Action item:
In this exercise, the entries below include pictures. Repeat exactly the lines from the line with "簡単キャラ弁♪真ん丸おにぎりのドラえもん-レシピのメイン写真" to the line with "House for rent", including both, but without the pictures.

Given data:
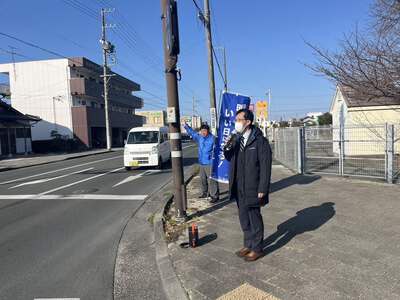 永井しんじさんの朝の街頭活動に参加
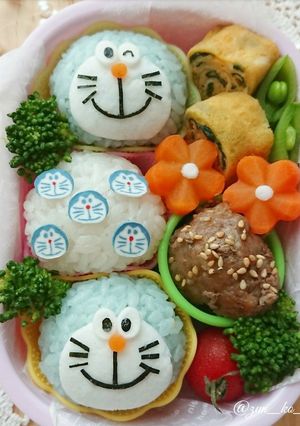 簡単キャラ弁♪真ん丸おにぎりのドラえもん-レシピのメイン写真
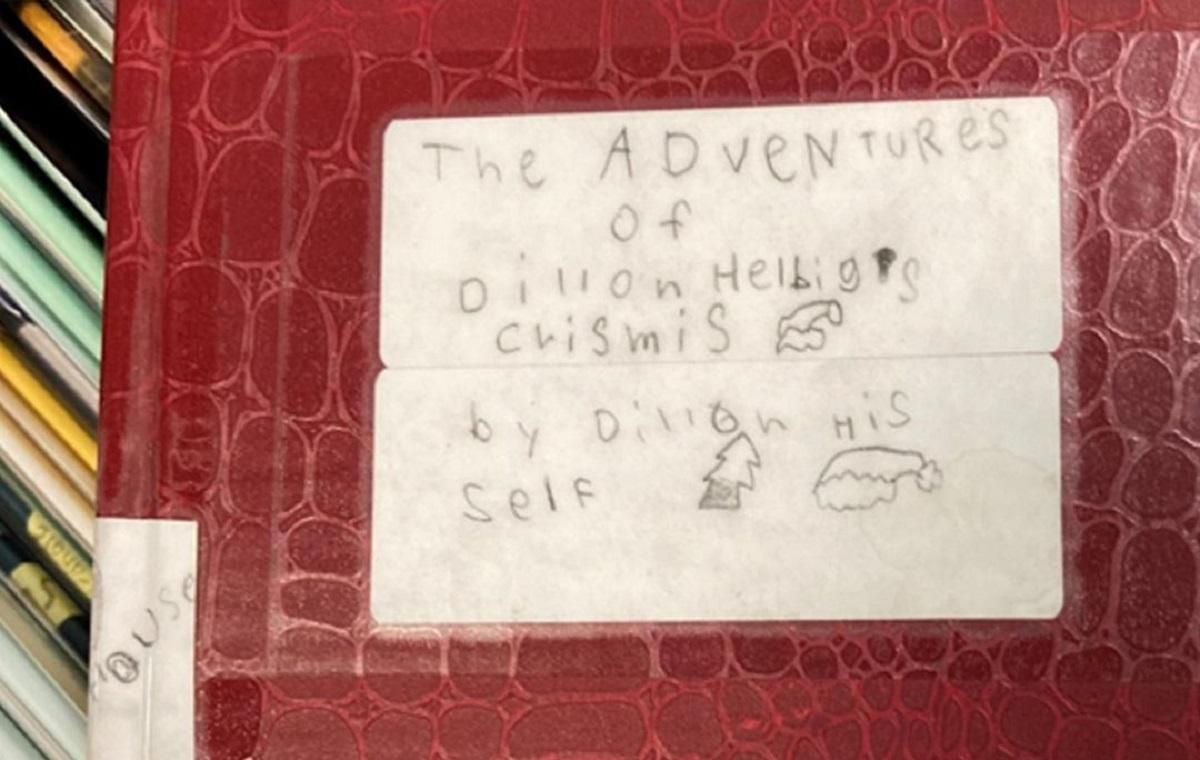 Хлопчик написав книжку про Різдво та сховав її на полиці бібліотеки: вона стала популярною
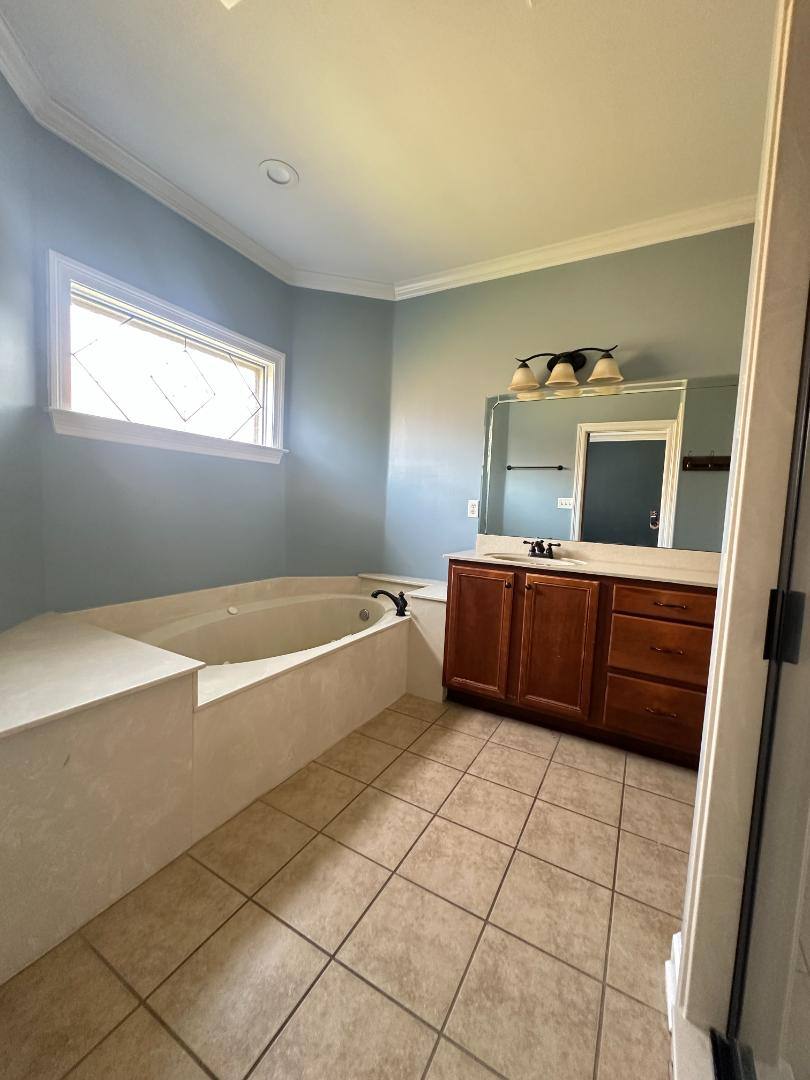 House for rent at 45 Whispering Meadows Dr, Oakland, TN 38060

...

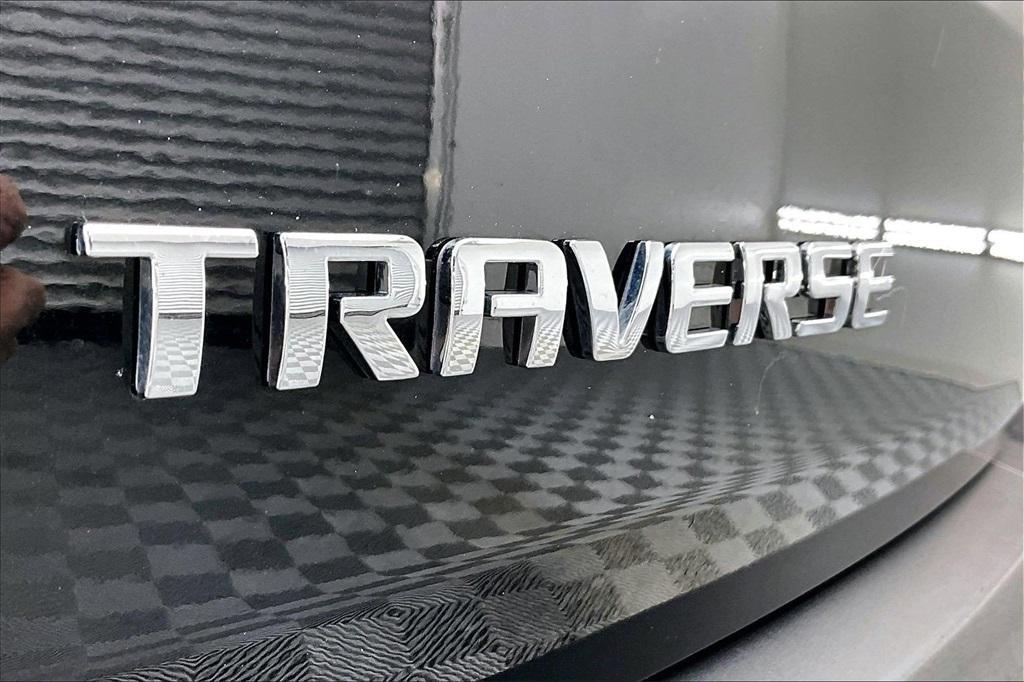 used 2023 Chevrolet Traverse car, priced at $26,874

--

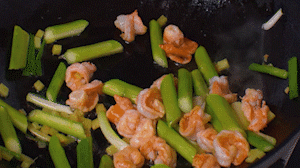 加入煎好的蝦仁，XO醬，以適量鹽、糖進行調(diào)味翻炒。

Answer box:
 簡単キャラ弁♪真ん丸おにぎりのドラえもん-レシピのメイン写真
 Хлопчик написав книжку про Різдво та сховав її на полиці бібліотеки: вона стала популярною
 House for rent at 45 Whispering Meadows Dr, Oakland, TN 38060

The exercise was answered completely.